Berikut penelusuran gresnews.com.

Dokumen Keputusan Rapat Pleno Badan Urusan Rumah Tangga (BURT) bersama Sekretariat Jenderal pada 22 Juli 2011 mengenai Realokasi Anggaran Pembangunan Gedung DPR RI Tahun 2011 Nomor: 162/BURT/R.Pleno/MS.IV/07/2011, diteken oleh Ketua Rapat Pius Lustrilanang, memutuskan hal antara lain:

1. Anggaran yang tersedia dalam APBN-P Tahun 2011 sebesar Rp218 miliar berasal dari realokasi anggaran pembangunan gedung tahun 2011 sebesar Rp800.015.820.000;

2. Mencatat usulan realokasi anggaran sebesar Rp193.908.211.000;

3. Menyetujui total kebutuhan realokasi anggaran DPR Tahun 2011 sebesar Rp247.444.711.000;

4. Menyetujui membiayai kekurangan sebesar Rp29.444.711.000 dari rasionalisasi sebesar Rp193.908.211.000, yaitu:

a. Merasionalisasi anggaran pelaksanaan fungsi legislasi sebesar Rp23.566.656.000;
b. Merasionalisasi kegiatan pemberitaan sebesar Rp5.878.055.000.

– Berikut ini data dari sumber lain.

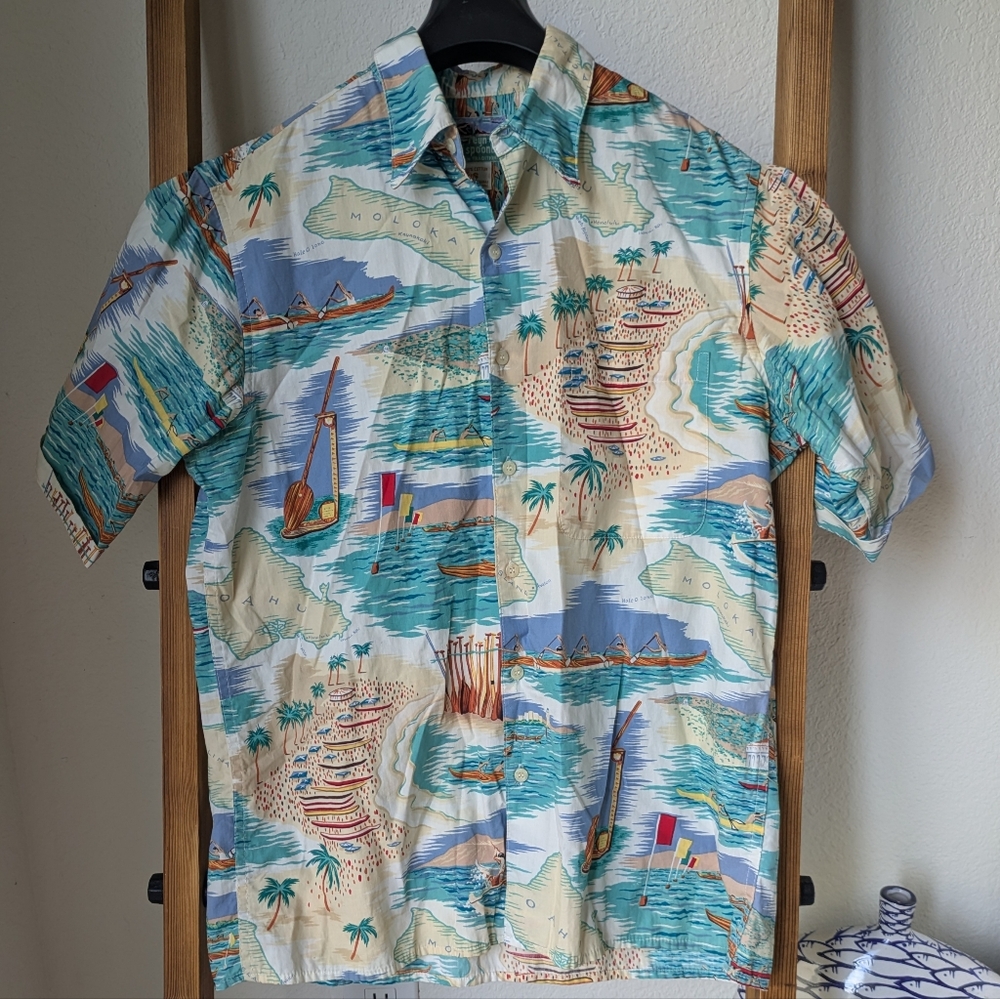Reyn Spooner Men's Tropical Print Button- Down Shirt - Size S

Pada 9 Desember 2011, terbitlah Keputusan Rapat BURT DPR RI tentang Laporan Panja-Panja BURT

Nomor 040/BURT/R.Pleno/MS.II/12/2011 yang diteken oleh Ketua Rapat Pius Lustrilanang. Dari surat inilah terlampir Laporan Panja Evaluasi Penggunaan Ruang di Gedung DPR RI mengenai Renovasi Ruang Kerja Badan Anggaran DPR RI.

Gresnews.com juga mendapatkan dokumen bertajuk: Rekapitulasi Usulan Relokasi Anggaran Tahun 2011 yang berkop Sekretariat Jenderal DPR RI. Konfigurasi anggaran relokasi 2011 sebesar total Rp238.429.737.000 itu terdiri dari:

1. Satuan Kerja Dewan sebesar Rp130.563.931.000;
2. Satuan Kerja Sekretariat Jenderal sebesar Rp107.865.806.000.

Rincian usulan relokasi anggaran 2011 untuk Satker Setjen terdiri dari:

1. Humas dan Pemberitaan sebesar Rp19.940.500.000;
2. Keanggotaan dan Kepegawaian sebesar Rp443.450.000;
3. Umum sebesar Rp8.318.590.000;
4. Keuangan sebesar Rp671.500.000;
5. Perencanaan dan Pengawasan sebesar Rp2.633.375.000;
6. Pemeliharaan Bangunan dan Instalasi sebesar Rp74.799.956.000;
7. Unit Kerja Baru sebesar Rp1.058.435.000.

Pos untuk pembelian alat sadap itu ternyata masuk ke Biro Pemeliharaan Bangunan dan Instalasi pada subbagian Gedung dan Tanaman, dengan penamaan: Perbaikan Ruang Rapat Badan Anggaran Gedung Nusantara II DPR sebesar Rp24.768.982.000. Keterangan: Pemasangan alat antisadap (anti bugging), anti gummer.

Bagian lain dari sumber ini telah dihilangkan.